By Nicholas Hodge


Almost four years after University of Ottawa and Carleton students were presented with the same choice; the Algonquin Students’ Association will hold a referendum on U-Pass implementation.

The vote will take place Nov. 17 through 21 and will be accessible through the Algonquin College Student Information System (ACSIS) online. The SA committed to a referendum earlier this semester but announced its date in an October meeting with student representatives.

The U-Pass is an OC Transpo pass that is paid for with an increase in tuition. Due to the increase in tuition that a U-Pass requires, the SA is obligated to hold a referendum on its implementation. Though it will save students who purchase bus passes money, critics point out that students who drive will have to pay for a service they will be less likely to use.

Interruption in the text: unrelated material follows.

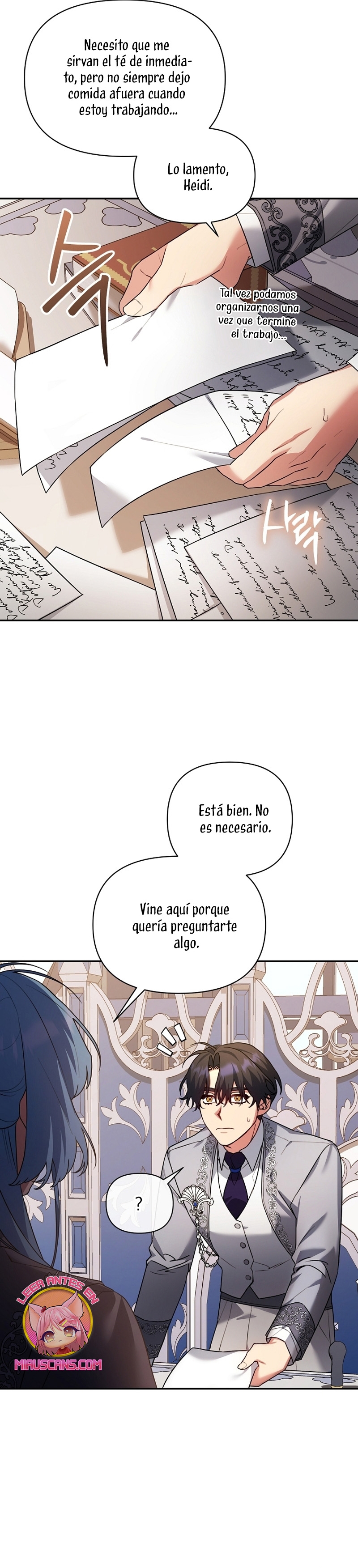 A pesar de que soy una villana, soy muy buena cocinando Capítulo 40 - Page 16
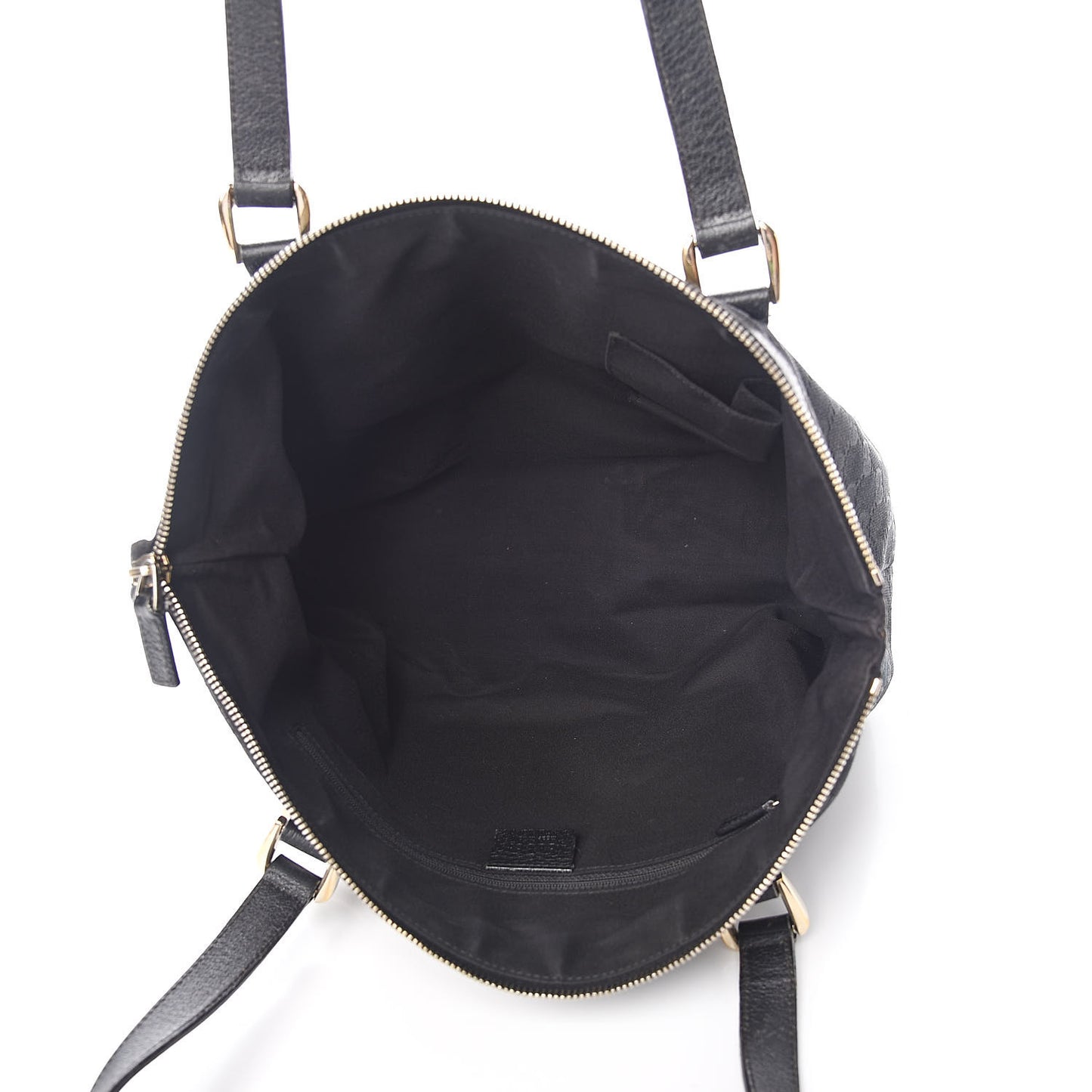 Monogram Abbey Medium Tote Black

“I would say no, I wouldn’t want (a U-Pass),” said Steve Lairade a TV broadcasting student. “I have a car now and I drive to school. So, I don’t want my tuition to increase and I don’t want to pay for your bus passes.”

The Algonquin chapter of the Revolutionary Student Movement (RSM) kicked off their Yes for the U-Pass campaign on Nov. 4. They say that the U-Pass is essential because students need be able to get to their classes.

“OC Transpo can cost seven dollars per day,” said Regina-Maria Neppel, RSM chairperson. “More than half an hour of work for someone with a minimum wage job.”

The RSM is critical of the SA’s handling of the U-Pass issue, citing a lack of transparency, a failure to fully inform students about the U-Pass and the decision to make the referendum online among their concerns.

“We hope it succeeds but we have never heard of (a referendum) happening online,” said Dmitri Shklar, a member of the RSM.

The RSM plans to hold meetings and information sessions leading up to the referendum date.

“We invite every student that can attend to learn about the U-Pass and volunteer with us in the campaign,” said Shklar.

Former SA president Sherline Pieris had a tense relationship with the city on the U-Pass issue, once stating in an email to a city councillor that a dialogue on the U-Pass would happen at the college on the condition that the city reinstate a student pricing option on OC Transpo passes. She also wrote that if the referendum was to happen it would not take place until completion of the construction at Baseline Station in 2015.

Current SA president Christina Miller seems more open to the U-Pass, writing in a September letter to the student body that the SA was working hard to get it.